İslami Hareket: Bangladeş'teki İslâmi cemaatlerin başta geleni Pakistan'daki Cemaati İslâmi'nin bir kolu olan Cemaati İslâmi'dir. Bu cemaat Bangladeş'in Pakistan'dan ayrılması için 1951'de çıkarılan savaşta birliği destekledi ve Pakistan'ın yanında yer aldı. Bu yüzden ayrılmadan sonra Bangladeş cumhurbaşkanlığına getirilen Muciburrahman, Cemaat-i İslâmi'nin bütün faaliyetlerini yasakladı ve bu yasak 1980'e kadar devam etti. Ancak bu cemaat bugün bütün ülkeye yayılmış durumda. Bütün illerde ve ilçelerde şubeleri var.

Ayrıca öğrenci dernekleri, meslek kuruluşları, yardım kuruluşları, davet grupları vs. vasıtasıyla bütün ülke genelinde sesini duyuruyor. Kitaplar ve periyodik yayınlar yayınlıyor. Konferanslar, sempozyumlar, açıkoturumlar düzenliyor. Değişik zamanlarda yaşayan tabii felaketlerde de sistemli yardım çalışmaları yürüttü ve felaketlerden zarar görenlerin çoğuna yardımlarını ulaştırdı. Siyasi faaliyetlere de girerek en son genel seçimlerde üyelerinden 20 kişiyi parlamentoya soktu.

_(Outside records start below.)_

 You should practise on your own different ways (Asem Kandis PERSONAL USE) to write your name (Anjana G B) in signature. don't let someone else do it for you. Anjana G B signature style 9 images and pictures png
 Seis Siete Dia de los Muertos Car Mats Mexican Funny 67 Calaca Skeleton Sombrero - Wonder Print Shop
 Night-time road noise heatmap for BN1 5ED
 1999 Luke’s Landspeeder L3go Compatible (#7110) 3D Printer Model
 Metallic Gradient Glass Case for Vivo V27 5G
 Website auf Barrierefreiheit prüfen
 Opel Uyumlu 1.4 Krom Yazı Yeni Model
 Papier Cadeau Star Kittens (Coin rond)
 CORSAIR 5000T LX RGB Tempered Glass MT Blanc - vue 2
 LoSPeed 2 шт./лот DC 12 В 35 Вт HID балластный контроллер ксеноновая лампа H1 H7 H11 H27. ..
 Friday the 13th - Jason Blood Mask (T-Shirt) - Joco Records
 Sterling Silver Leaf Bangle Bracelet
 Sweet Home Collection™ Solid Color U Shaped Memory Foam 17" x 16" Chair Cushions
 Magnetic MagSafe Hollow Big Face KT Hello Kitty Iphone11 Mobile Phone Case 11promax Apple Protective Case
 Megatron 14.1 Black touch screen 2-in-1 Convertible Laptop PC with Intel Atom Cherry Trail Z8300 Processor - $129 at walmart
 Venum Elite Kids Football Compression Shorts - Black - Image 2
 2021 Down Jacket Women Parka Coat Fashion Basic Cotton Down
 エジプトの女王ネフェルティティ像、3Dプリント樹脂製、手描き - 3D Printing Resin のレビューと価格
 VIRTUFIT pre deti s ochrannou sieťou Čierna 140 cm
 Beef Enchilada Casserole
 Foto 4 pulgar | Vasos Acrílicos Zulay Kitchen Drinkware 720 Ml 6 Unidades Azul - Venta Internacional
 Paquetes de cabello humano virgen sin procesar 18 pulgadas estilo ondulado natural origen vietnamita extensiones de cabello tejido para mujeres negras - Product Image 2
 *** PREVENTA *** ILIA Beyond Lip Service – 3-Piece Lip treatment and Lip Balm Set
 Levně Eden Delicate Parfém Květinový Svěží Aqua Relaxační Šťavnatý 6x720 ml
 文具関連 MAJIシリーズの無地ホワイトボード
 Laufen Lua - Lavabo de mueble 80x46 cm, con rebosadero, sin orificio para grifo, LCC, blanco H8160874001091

Hükümet ve parlamentoda üyesi olan solcu ve kavmiyetçi partiler, Cemaati İslâmi'nin çalışmalarının engellenmesi için kanun çıkarma girişiminde bulundular. Ancak cemaatin toplumdaki gücü ve arkasındaki kitle desteği, onların bu amaçlarını gerçekleştirmelerine engel teşkil etti. Bununla birlikte hükümet cemaatin çalışmalarını değişik yollarla engellemeye çalışıyor. Ayrıca solcu militanların zaman zaman cemaat üyelerine ve kuruluşlarına yönelik saldırıları oluyor. Bangladeş'te Tebliğ cemaatinin çalışmaları da var. Ancak bu cemaat siyasi faaliyetlere girmiyor. Ayrıca Bangladeş'te tasavvufi tarikatlar de yaygındır.